キーワード&データ
| キーワード | 浄化・霊性・古代の癒し・心身の傷・アンチエイジング |
|---|---|
| 学名 | Commiphora myrrha |
| 科名 | カンラン科 |
| 抽出部位 | 樹脂 |
| 抽出方法 | 水蒸気蒸留法 |
| ノート | ベース |
| 香りの系統 | 樹脂系 |
| 香調 | バルサム・レジンノート |
| 主な成分 | フラノオイデスマディエン・クルゼレン・リンデステレン・β-エレメン・ゲルマクレンA・セドロール |
| 原産国 | ソマリア・エチオピア・インド |
| 陰陽 | 陰 |
| 相性のよい星座 | さそり座 |
| 相性のよい天然石 | ソーダライト |
| 対応チャクラ | 第1チャクラ・第7チャクラ |
| 注意事項 | 妊娠中の方の使用は避けてください。香りが強いため、使用量を少なめにして様子を見ながらご使用ください。皮膚への使用は必ず適切な濃度に希釈してください。 |
ストーリー
ミルラ(没薬)は、4000年以上の使用の歴史を持つ、人類最古の精油のひとつです。東北アフリカのソマリア・エチオピア・スーダンなどに自生するカンラン科の低木の樹脂から採取されます。古代エジプトでは太陽神ラーへの薫香として儀式に用いられ、聖書にも数多く登場します。キリスト誕生の際に東方の三賢人が黄金と並ぶ贈り物として捧げたエピソードはよく知られており、当時のミルラがいかに貴重な存在であったかを物語っています。同じカンラン科の植物であるフランキンセンスとともに、宗教的な場・浄化の儀式・心身の癒しに数千年にわたり寄り添ってきた精油です。その名の由来は「苦い」を意味するヘブライ語「mor」とも、ギリシア神話の女性ミュラの名からとも言われています。
植物の特徴
ミルラはカンラン科コンミフォラ属(ミルラノキ属)の低木で、白い花と芳香のある葉をつけます。主な自生地は東北アフリカで、ソマリア・エチオピア・スーダンなどの乾燥した土地に見られます。樹皮に傷をつけると樹液がにじみ出し、空気に触れることで固まって樹脂となります。

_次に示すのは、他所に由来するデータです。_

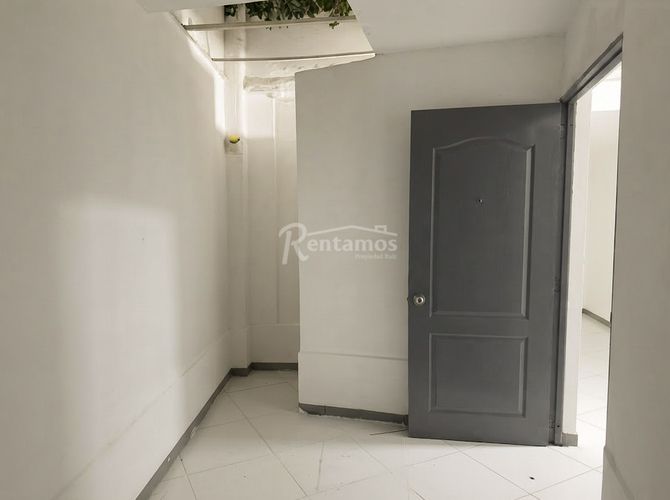 Local en venta en Las Mercedes, Itagüí, 65 m² · foto 21 de 24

この樹脂から水蒸気蒸留法で精油が抽出されます。樹液が傷口をふさいで木自身を守るというはたらきは、ミルラが「心身の傷を癒す」精油として長く用いられてきた背景と重なります。精油は黄褐色から赤褐色で粘性が高く、独特のスモーキーでバルサム調の香りを持ちます。
効果・効能
心への作用
ミルラは古くから神聖な場で用いられてきた歴史から、心の深い部分に働きかける香りとして知られています。考えすぎや不安を静め、気持ちを落ち着かせたいときに選ばれることがあります。無気力感や悲しみが続くときに、希望を感じさせてくれる香りとして紹介されることもあります。霊性との繋がりや自己の本質への気づきをサポートするとして、瞑想や内省の場で用いられてきました。
体への作用
抗菌・抗感染・抗ウイルス作用が知られており、風邪や呼吸器系のケアに用いられてきた歴史があります。口内炎・歯肉炎・歯槽膿漏など口腔内のトラブルへの活用も伝統的に行われてきました。去痰・抗カタル作用もあるとされており、咽頭炎や気管支炎の症状を和らげたいときに選ばれることがあります。また、消化器系のサポートや血液浄化の働きについても紹介されることがあります。
肌への作用
ミルラは強力な抗酸化力と瘢痕形成(はんこんけいせい)作用を持つとされており、成熟肌・エイジングケアに適した精油として選ばれることがあります。じくじくした傷や治りにくい傷、かかとのひび割れ・あかぎれへのケアに用いられてきた歴史があります。皮膚の炎症を抑え、かゆみを和らげる作用も知られています。使用の際は必ず植物油で適切に希釈してください。
主な作用一覧
- 抗菌・抗ウイルス・抗感染作用
- 瘢痕形成・癒傷作用(傷の修復)
- 若返り・抗酸化作用
- 収れん作用
- 鎮静・抗うつ作用
- 去痰・抗カタル作用
- 抗炎症・消炎作用
- 免疫向上作用
おすすめの使い方
ミルラは香りが強めのベースノートの精油です。妊娠中の方の使用は注意が必要なため、妊娠中の方は専門家にご相談のうえ使用してください。初めて使用する際は少量から試し、肌に使用する場合は必ずキャリアオイル(精油を薄めるために使う植物性のオイル)で希釈(植物油で薄めること)してください。
- 芳香浴(ディフューザー):
ディフューザー(精油の香りを空間に広げる器具)に1〜2滴を目安に使用してください。香りが非常に強いため、まず1滴から試し、30〜60分を目安に換気を挟みながら使用するのがおすすめです。フランキンセンスやサンダルウッドと組み合わせると、落ち着いた深みのある香りになります。
→ 詳しい使い方はこちら - 吸入法:
ティッシュや手のひらに1滴をたらして鼻からゆっくりと香りを吸い込む方法です。ディフューザーを使わずに手軽にミルラの香りを感じたいときに適しています。1回の吸入時間は1〜2分程度を目安にし、香りが強すぎると感じたら距離を置いて調整してください。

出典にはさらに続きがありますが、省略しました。